Поминутно смахивая мутную слезу носовым платком в крупную яркую клетку, он высказал очень важную мысль, что всю свою осмысленную жизнь, — очевидно, он имел в виду ту ее часть, которая была связана с работой в органах, — он свято верил, что честно выполняя свой долг, он тем самым защищал собственную семью, родственников и просто хороших и честных людей. К слову сказать, о партии он и не заикнулся.

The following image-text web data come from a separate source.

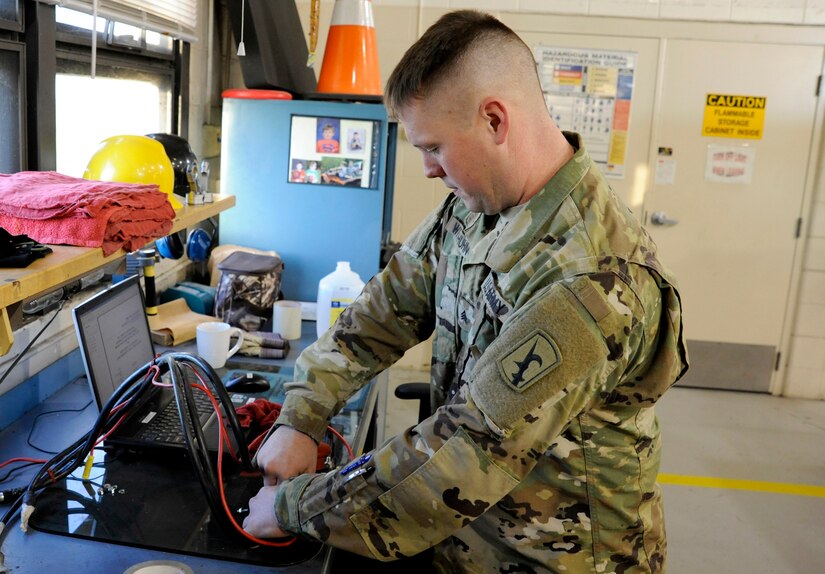 Sgt. Scott Witthuhn explains the new power switch he invented for a family of skid steer loaders with recurrent dead battery problems.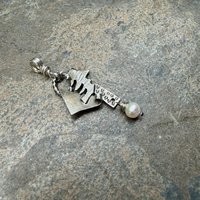 Freeform, Organic Sterling Necklace, tilted to left view.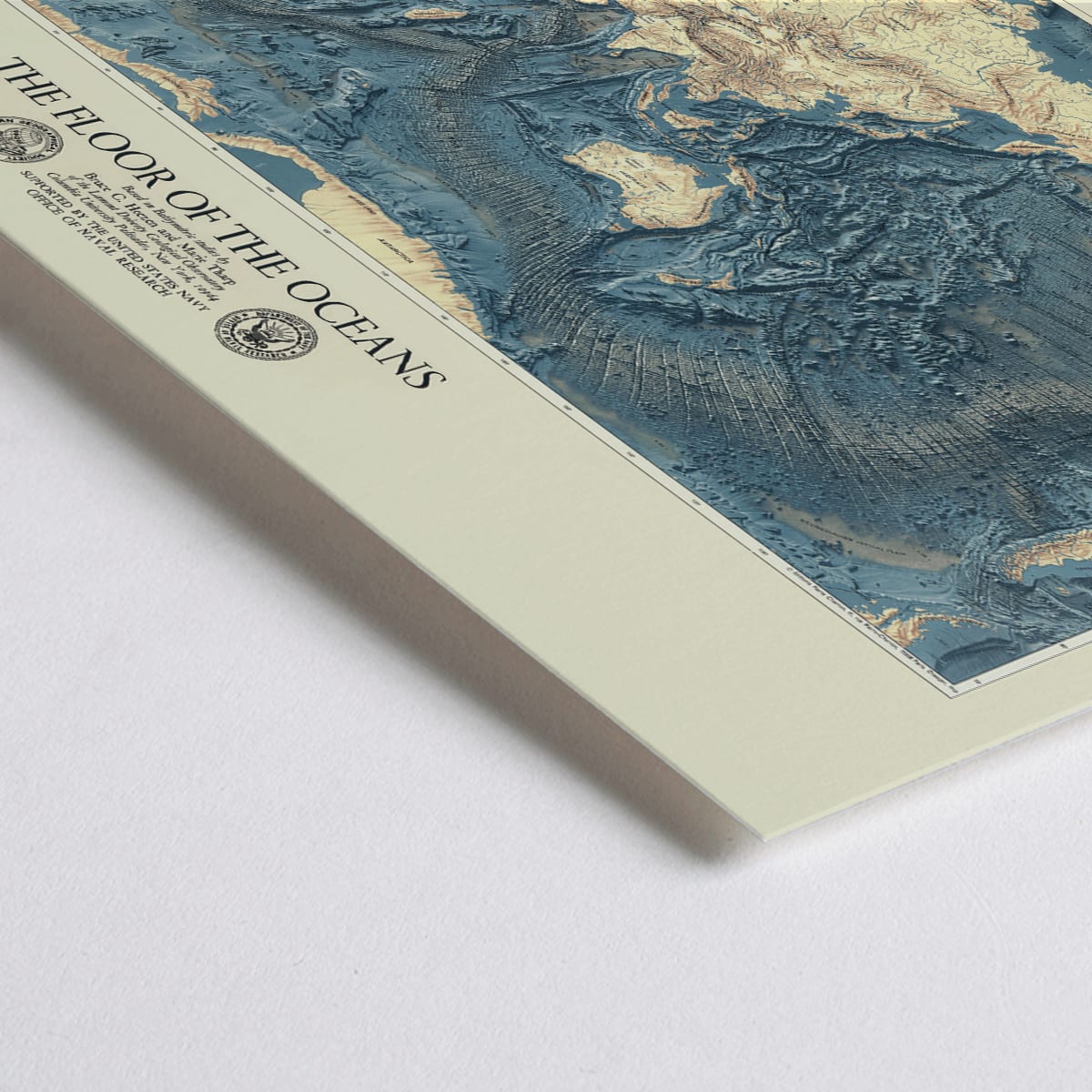 Closeup detail of World map artwork showing ocean floors titled The Floor of the Oceans bathymetric map poster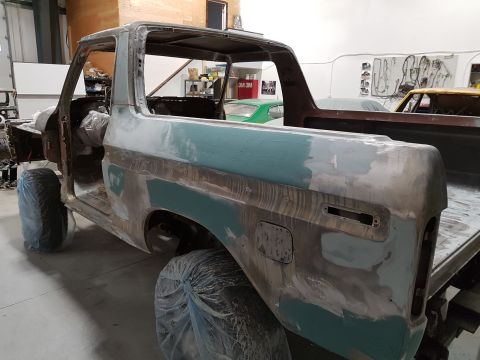 1978 Ford Bronco - Ford Bronco body in a workshop, showing primer and body filler during restoration work.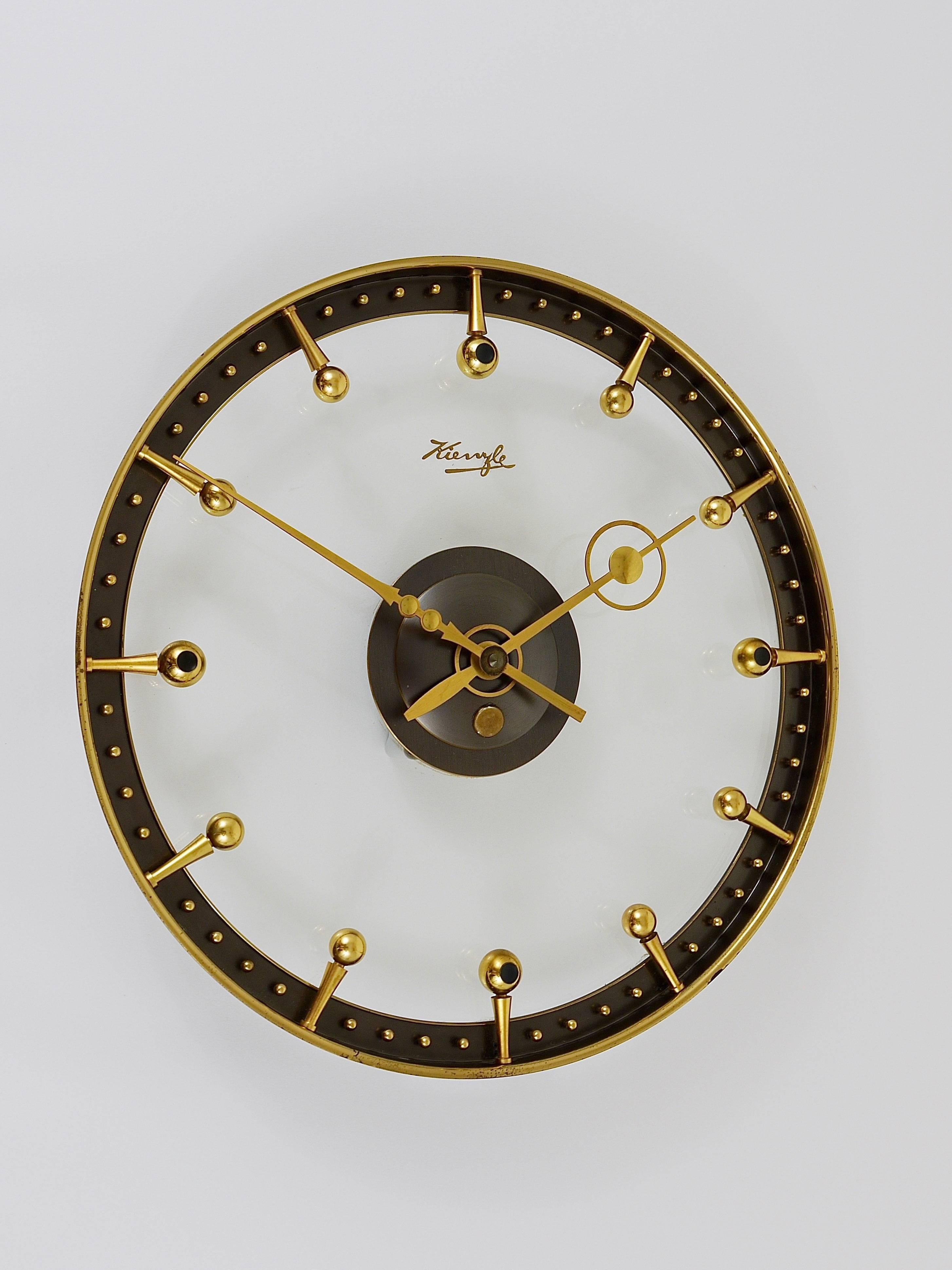 modern brass wall clock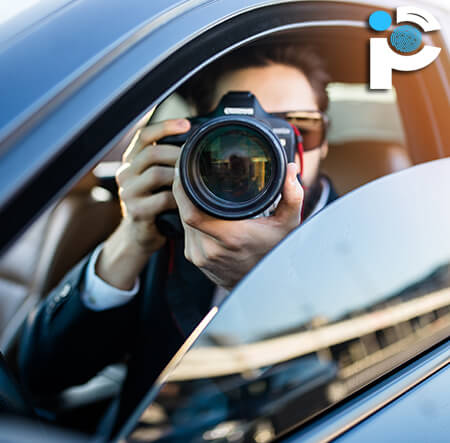 A private investigator taking photos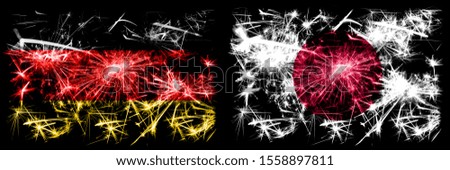 Germany, German vs Japan, Japanese New Year celebration travel sparkling fireworks flags concept background. Combination of two abstract states flags.
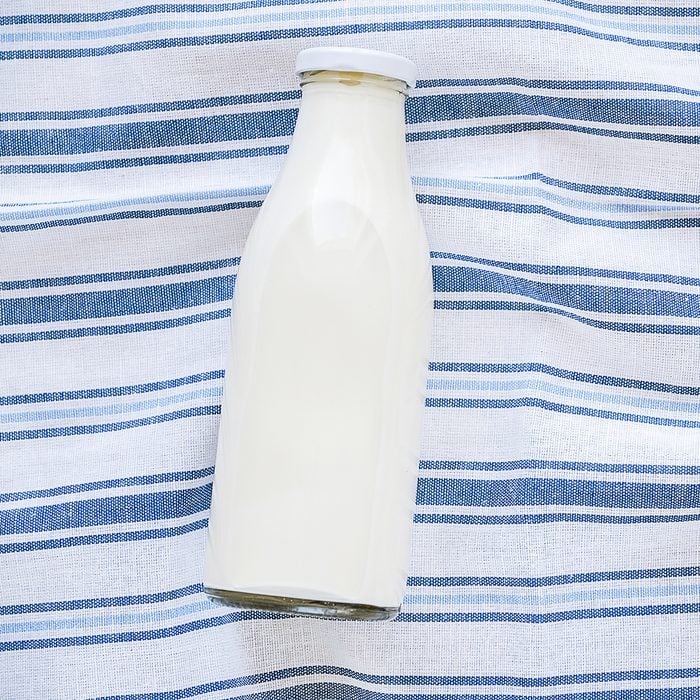 On a striped linen towel is a glass bottle of fresh milk. The concept of healthy organic, farm food. The view from the top. Copy space for text
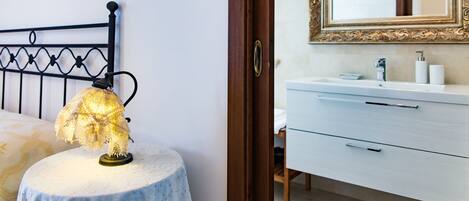 Un dormitorio con cama, lámpara de noche, una mesita redonda, cómoda y espejo.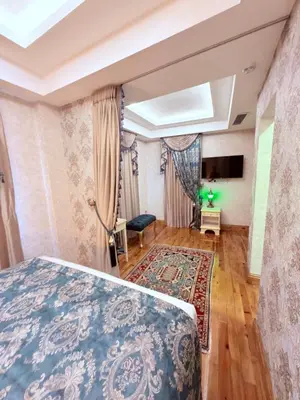 a bedroom with a bed and a tv in a room at Sultan Suites Hotel in Istanbul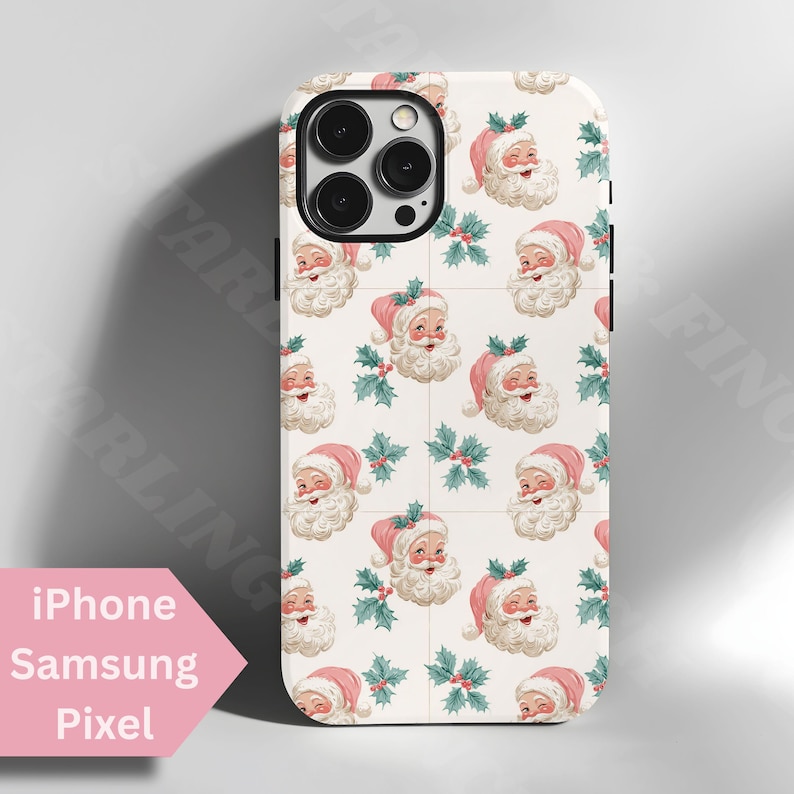 May include: A phone case with a repeating pattern of Santa Claus faces and holly sprigs on a white background. The Santa faces have pink hats and white beards. The text "iPhone Samsung Pixel" is in a pink arrow-shaped box.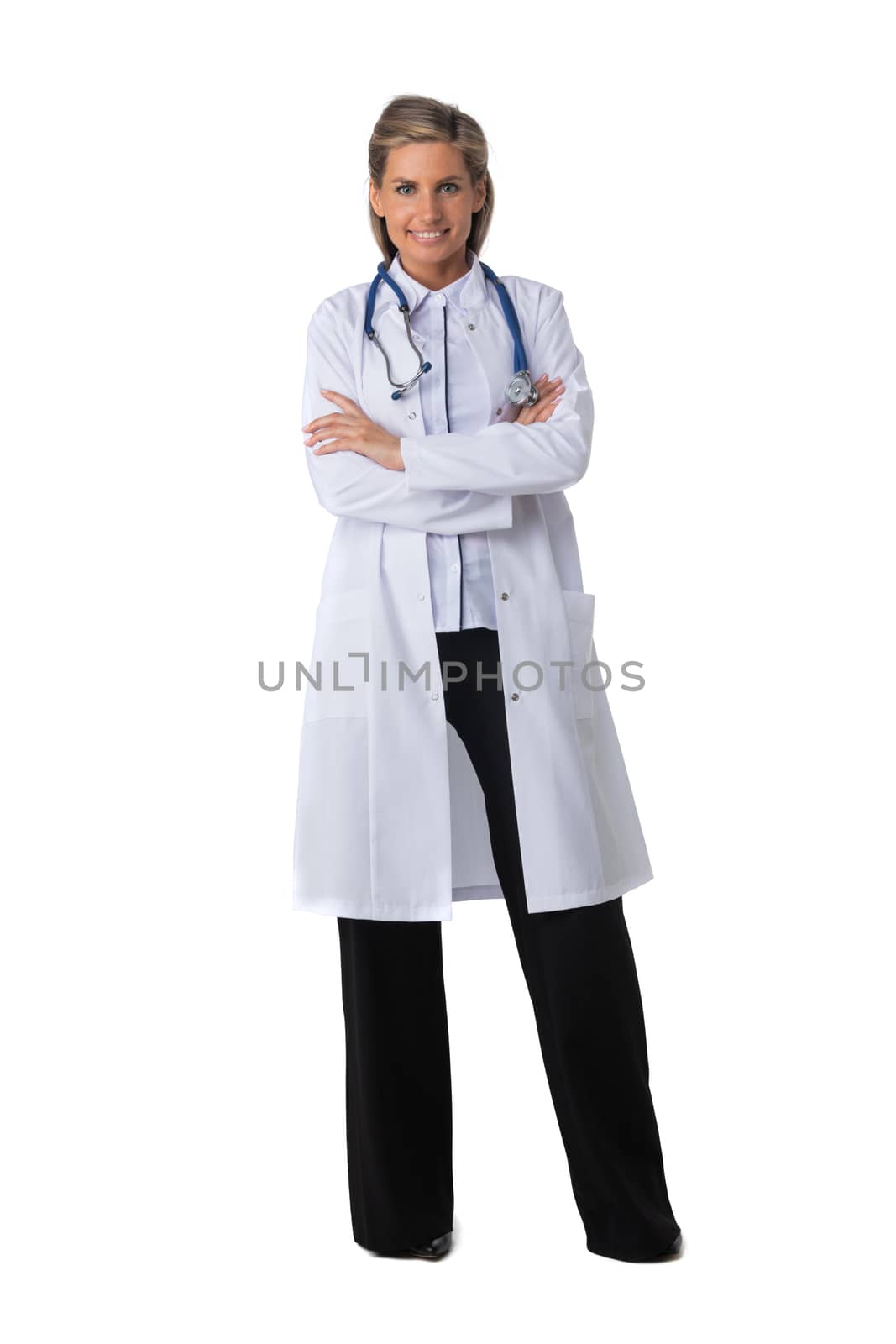 Female medical doctor with stethoscope standing with arms crossed isolated on white background, full length portrait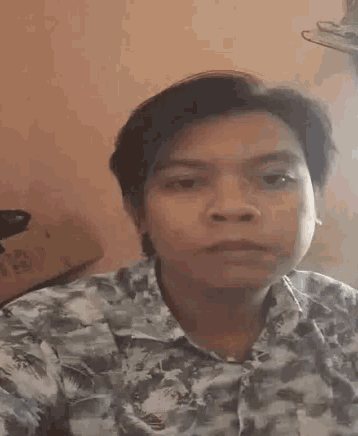a man is making a funny face while wearing a floral shirt .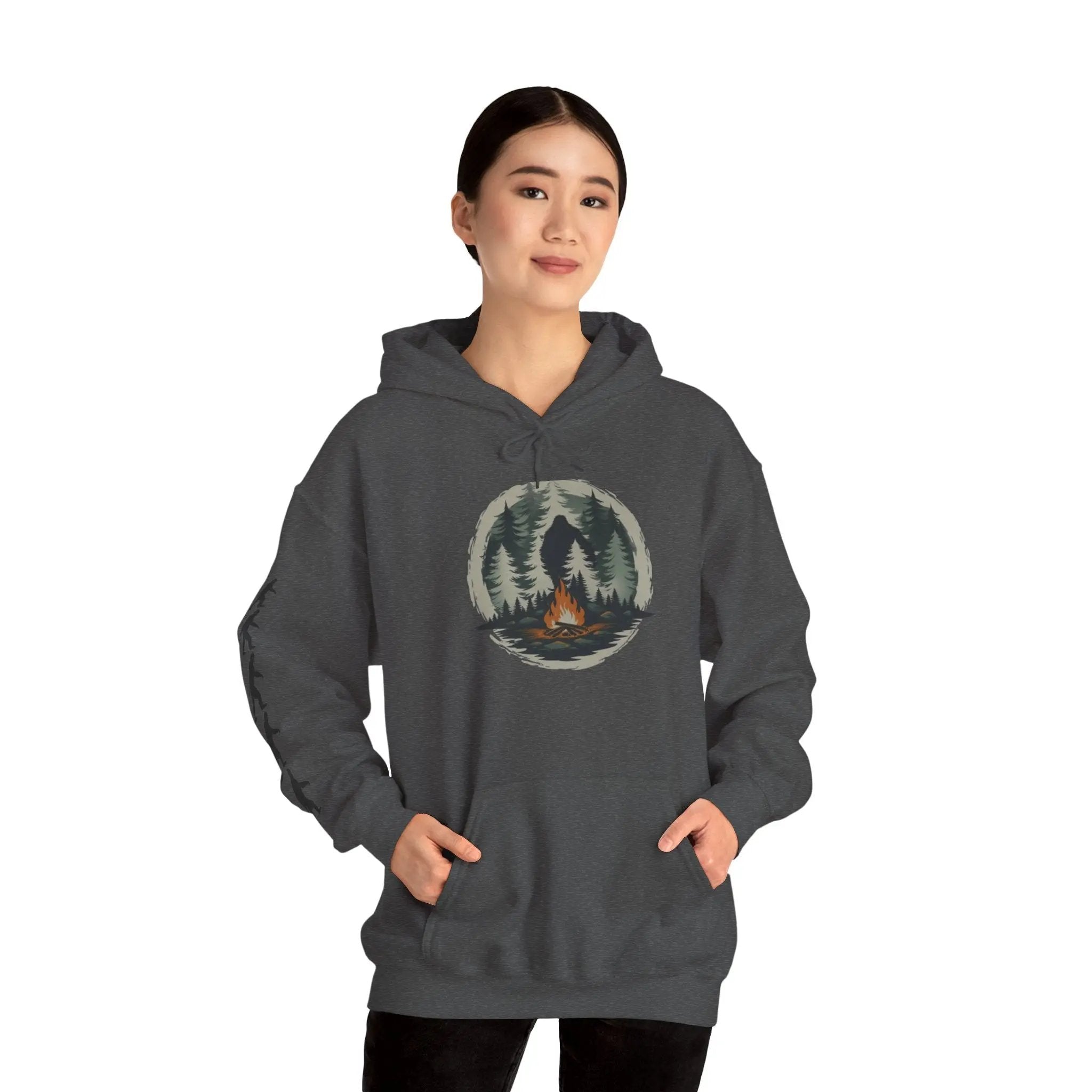 Person wearing a dark gray hoodie with a nature graphic and black bigfoot silhouettes on the right sleeve on a white background on a white background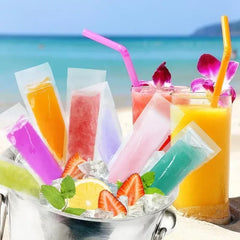 Colorful popsicles and drinks with straws on a beach setting
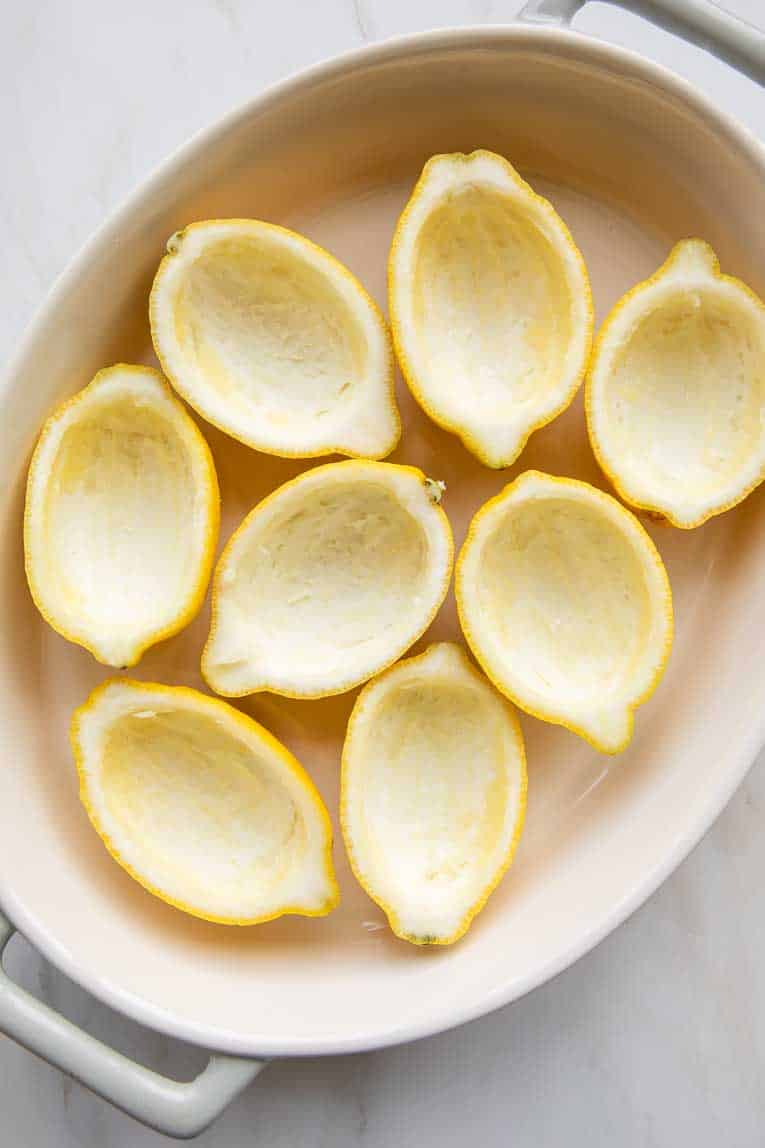 Lemon halves in a dish.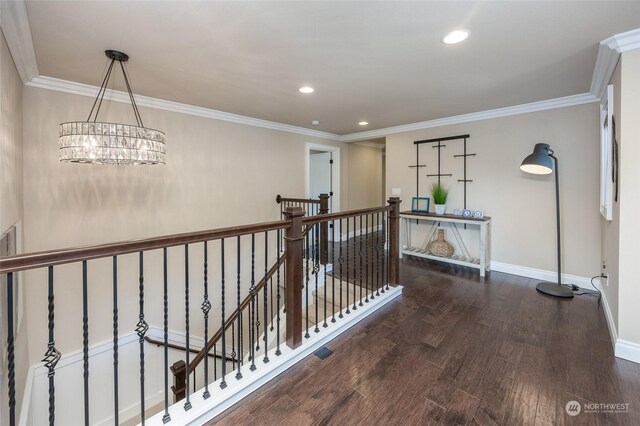 hallway featuring wood finished floors, baseboards, recessed lighting, crown molding, and an upstairs landing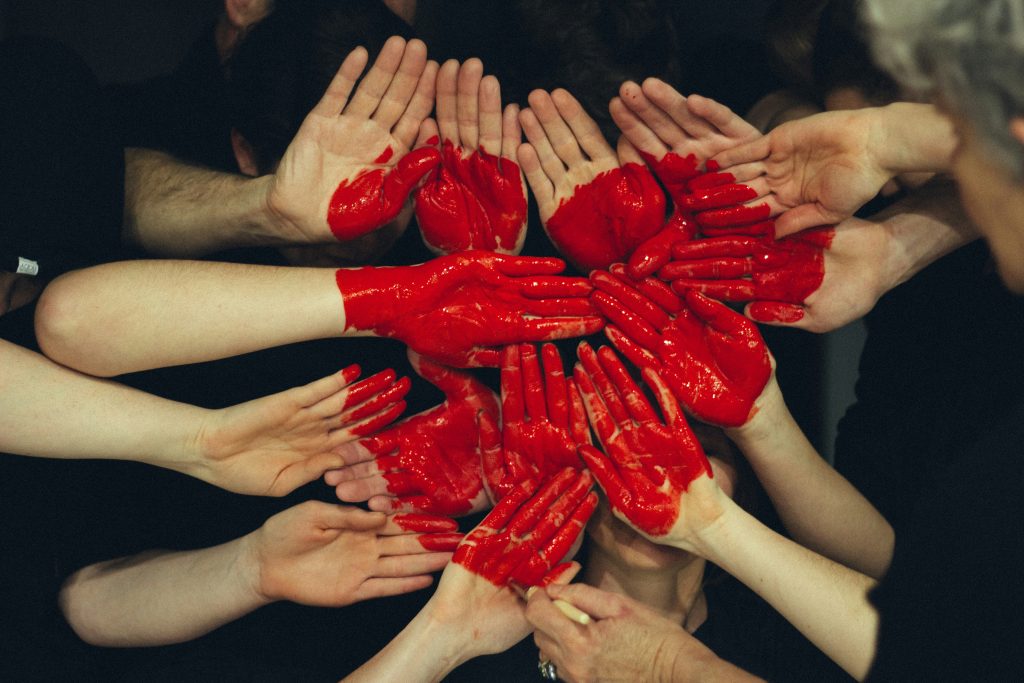 Many hands grouped together to form a heart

Тогда Вагиф и его молодые коллеги еще посмеялись над словами этого немолодого человека и не придали им значения, посчитав неэтичным высказыванием не больно умного да еще и неудачливого сотрудника. Но прошли годы, и Вагиф, которого трудно было назвать неумным и тем более неудачливым, неожиданно почувствовал, что теми самыми родственниками, просто хорошими и честными людьми, семьей наконец, для него была Саша. Так сказать, одна в нескольких лицах.
Подойдя к холодильнику, Вагиф вытащил бутылку водки и, взяв банку шпрот и лимон, опустился на стоящий рядом с холодильником стул. В хлебнице он нашел белый и черный хлеб. Отрезав несколько ломтей черного хлеба, он неторопливо откупорил бутылку и налил себе полную рюмку, предварительно опустив в нее тонкий кружочек лимона. Выпив первую рюмку и закусив шпротами, он налил вторую, потом третью. Вскоре он потерял счет и наливал очередную рюмку чисто автоматически, не забывая всякий раз заедать выпитое шпротами. Через каждые три рюмки он аккуратно вынимал пропитавшийся спиртом кусок лимона и неторопливо с наслаждением его съедал, после чего клал в рюмку новый золотистый кружочек.
Пили ли офицеры КГБ? Конечно, пили. И не только на редких коммунистических праздниках и днях рождения. Знали ли об этом старшие начальники? Естественно, знали. Потому что сами в большинстве своем работали иногда сутками без перерыва, и единственным средством хоть как-то сбросить напряжение становился порой алкоголь. Но спившихся, во всяком случае за время работы в системе, практически не было. Это уже после выхода на пенсию некоторые, так и не вписавшиеся в новую и порой непонятную гражданскую жизнь, как то ни прискорбно спивались. Но они все-таки составляли меньшинство.